I’ve been thinking about Forest Park quite a bit lately for some reason. The older the current iteration of this course gets, the more I think I enjoy it. When it was built as the result of a gut-job renovation by Stan Gentry of Hale Irwin’s design firm in the early 2000s, I didn’t appreciate it as much as I should have; the original Robert Foulis 18-hole routing was near and dear to my heart as a place my team practiced during high school, and the renovation was completely removing from the routing two of the more iconic holes in the St. Louis area – a reachable but blind par five playing across the magnificent Art Hill, and an all-or-nothing par three playing across the Grand Basin below it.

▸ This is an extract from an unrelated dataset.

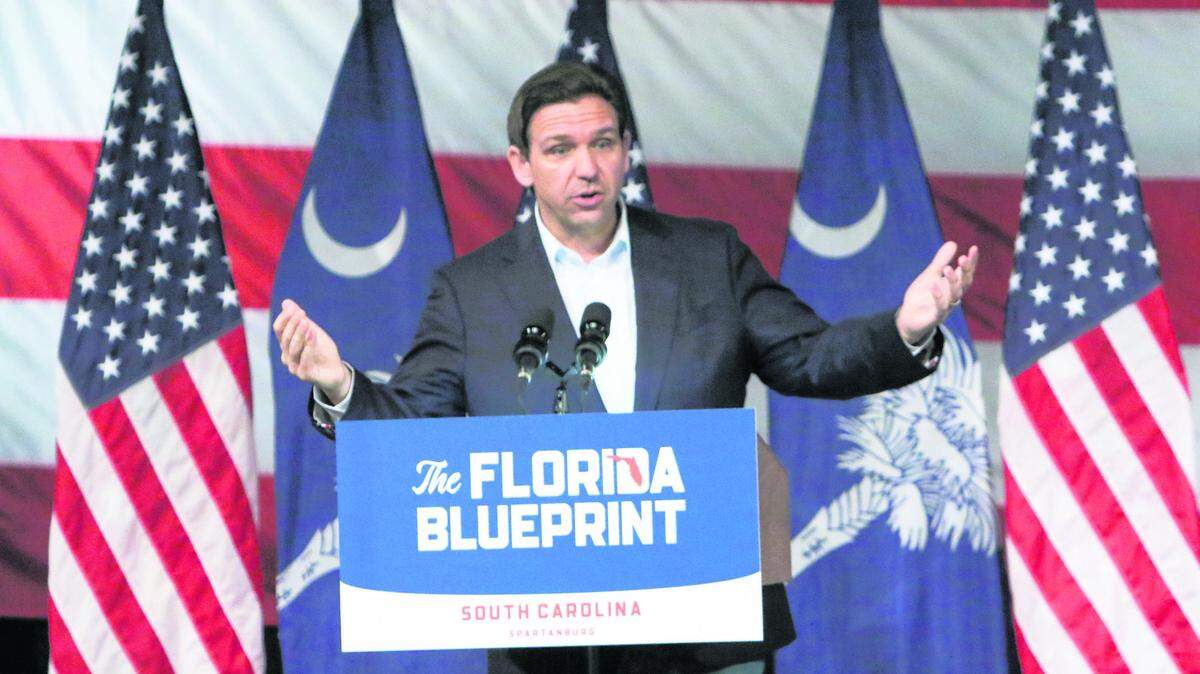 El gobernador Ron DeSantis habla durante una gira en la North Baptist Church en Spartanburg, Carolina del Sur, el miércoles 19 de abril de 2023.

While the latter had a very similar replacement worked into the new routing (albeit across Lagoon Drive), the former did not, causing me to feel in my early-20s angst as if my youth had been taken away from me. Adding salt to the wound, a third iconic hole – a nearly 600-yard par five along Skinker Boulevard – was split into a short par four and a long par three to help alleviate the loss of four holes’ worth of land to other park projects.

Anyway, I digress. What I’ve learned over the course of time is that what Gentry did as a throwback to Golden Age designs is frankly excellent. The Redbud and Dogwood nines feature many template-style green complexes, including a Biarritz, Redan, and Short, along with a number of really clever and quirky longer holes. The complementary Hawthorn nine, while shorter, easier, and most definitely flatter than the other two, is also a delightful loop – in contrast to the very mundane Eisenhower nine it replaced. As one might expect with 27 holes and a new clubhouse being crammed into a tighter piece of property, only four of those 27 holes happen to be par fives – three of which are on the Dogwood/Redbud combination. (All three loops are par 35.) A good portion of the original 18-hole routing was preserved – six holes on the Redbud nine along with the first three holes of the Dogwood nine.

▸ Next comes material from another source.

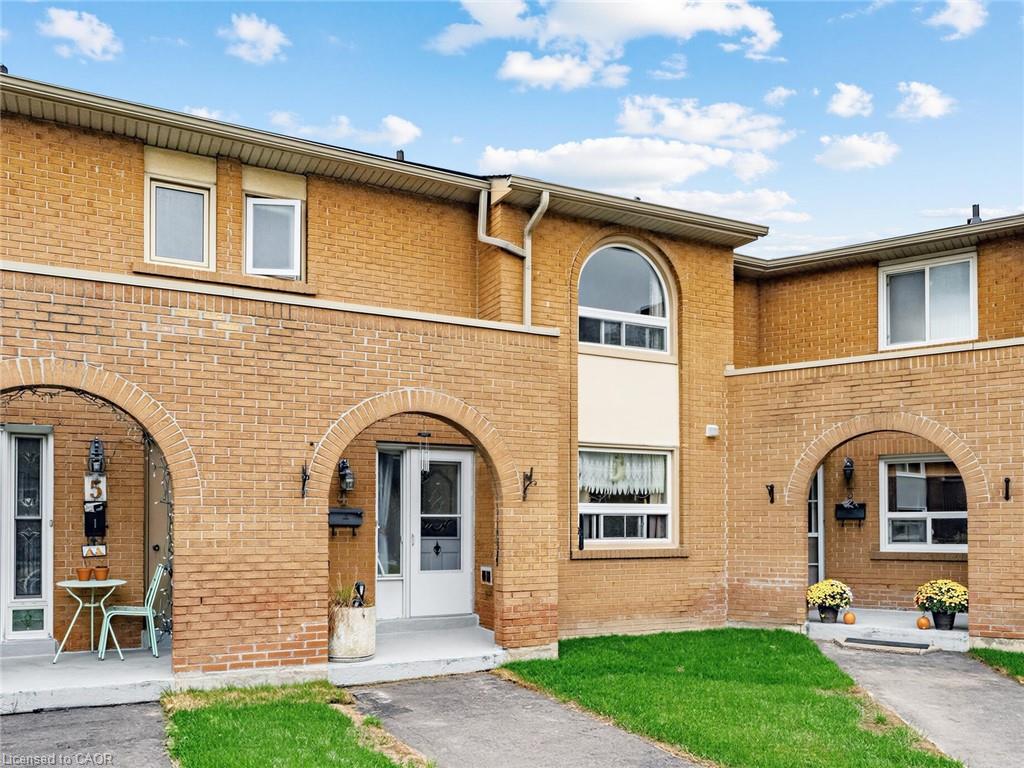 4-1180 Mississauga Valley Boulevard Property Photo 1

Most players will start their round here on the Redbud nine, which begins on a relatively easy downhill par four that was the eighth hole on the old routing. After the course climbs back to the top of the ridge, however, is when it really gets good – #4 is a spot in the routing that originally featured a long semi-blind par three, but turned by Gentry into a beast of a par four with a huge green falling off a severe slope to the left and behind. #5 is a short par five, bending around a valley and set of trees that make it nearly impossible to get home in two shots, and #6 is the aforementioned Biarritz-style par three. (Unlike most Biarritz, it’s semi-blind, which is interesting.) To close the excellent stretch of holes, #7 is a long par four that plays down into a valley and features a blind uphill approach to a completely rectangular, bunkerless green having subtle undulations that make it a lot trickier than it sounds. After two more excellent short par fours, the player heads back down the hill to make the turn.

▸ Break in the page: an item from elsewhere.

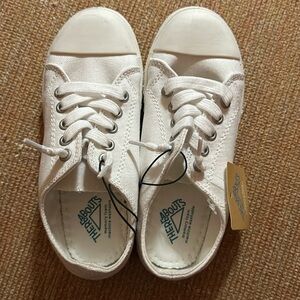 NWT white kids sneaker size 2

The Dogwood nine begins at the busy intersection of Lagoon Drive and Fine Arts Drive – the beating heart of the northwest corner of the park, where there rarely aren’t a few dozen pedestrians walking by. In opposite fashion of the Redbud nine, the best holes on Dogwood are at the beginning and end. The opener is a dogleg right par five that snakes up a valley to a hidden green; despite playing barely over 500 yards from the tips, it requires two extremely well-struck shots to attack in less than regulation. #2 is the Redan-style template, which despite not exactly having a false front as it plays gently downhill, still features many of the other (reverse) Redan traits. After a couple more short par fours and a par three tribute to the old Grand Basin hole, Gentry’s magic touch really shines on some of the flattest bits of the property. #6 and #7 are longer par fours that play up what were the original first and eighteenth hole corridors, respectively. #6 features an approach to a green that slopes away from the player and is somehow almost invisible even on such flat ground, while #7 is a much longer, upwind hole that requires a fade off the tee and a solid approach to a green perched above a small lagoon. #8 is a Short template featuring a wide but shallow green that slopes away from the player on the sides but towards the player in the middle – the only portion that can be seen from the tee. It’s wild. Finally, the Dogwood nine closes on an incredibly long par five, by far the longest on the property at well over 600 yards from the tips. Oh, and a pond runs down the left side of the entire hole.

This course continues to get better with age – the most recent time I played it, in October 2020, it was in absolutely incredible condition – and is an urban municipal jewel that the City of St. Louis should be most proud of having in its flagship park. If there’s a better municipal course in the Midwest, I’d love to see it.